Recently I increased the problem size in my code, and it scales up very badly using ParallelTable. With a lot of help from the this community, it seems that the problem maybe caused by the communication of large data between the kernels. So is there a way to monitor the communication between these kernels? For example, to see how much data is copied from one kernel to another.
Edit
As requested, here is a example demonstrate the problem:
Clear["`*"]
LaunchKernels[];
I have 16 kernels on my system
$KernelCount
(* ==> 16 *)
define some matrix
m = 30000; n = 640;
a = RandomComplex[{0., 1. + I}, {n, m}];
b = RandomComplex[{0., 1. + I}, {n, m}];
define some function which does some simple algebraic calculation, the detailed can be ignored.
SelectbyWRange[A_, {WMin_, WMax_}, {TakeWMin_, TakeWMax_}] :=
Module[{lthA, nMax, nMin}, lthA = Length[A];
nMin = Round[-((-WMax + lthA WMin)/(WMax - WMin)) - ((1 -
lthA) TakeWMin)/(WMax - WMin)];
nMax = Round[-((-WMax + lthA WMin)/(WMax - WMin)) - ((1 -
lthA) TakeWMax)/(WMax - WMin)];
Transpose[{Table[
TakeWMin + n*(TakeWMax - TakeWMin)/(nMax - nMin), {n, 0,
nMax - nMin}], Take[A, {nMin, nMax}]}]]
g[{x_, y_}] :=
SelectbyWRange[-Im[x*Conjugate[y]], {-834., 834.}, {19.5, 20.5}]

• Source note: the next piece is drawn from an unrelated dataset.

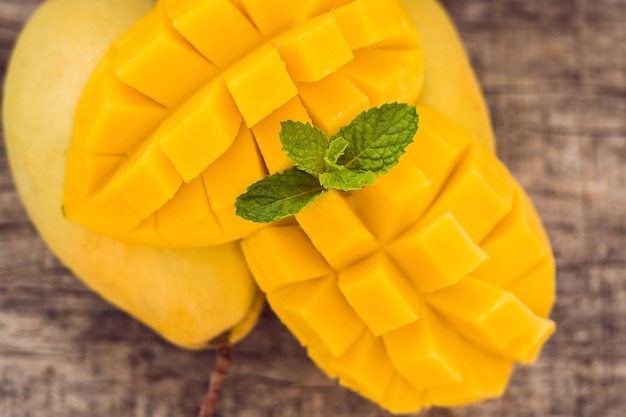 Frutta di mango e cubi di mango sul tavolo di legno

Timing Table, ParallelTable, Map, ParallelMap:
Table[g[{a[[n]], b[[n]]}], {n, 1, Length[a]}]; // AbsoluteTiming
(* ==> {0.390135, Null} *)
ParallelTable[g[{a[[n]], b[[n]]}], {n, 1, Length[a]}]; // AbsoluteTiming
(* ==> {14.352067, Null} *)
Map[g, Transpose[{a, b}]]; // AbsoluteTiming
(* ==> {1.010789, Null} *)
ParallelMap[g, Transpose[{a, b}]]; // AbsoluteTiming
(* ==> {8.101203, Null} *)
ParallelTable[
g[{RandomComplex[{0., 1. + I}, {m}],
RandomComplex[{0., 1. + I}, {m}]}], {n}]; // AbsoluteTiming
(* ==> {0.128660, Null} *)
We can see that ParallelTable[g[{a[[n]], b[[n]]}], {n, 1, Length[a]}] is worst in timing, this maybe because whole a and b have to be copied to each subKernel and thus took long time. Also in the last ParallelTable, there is no data copying from master kernel to subKernels and it has the best performance. As why Table is so fast and ParallelMap is so slow I have no clue. I thought monitor the communication between the kernels maybe helpful in understanding their behaviors.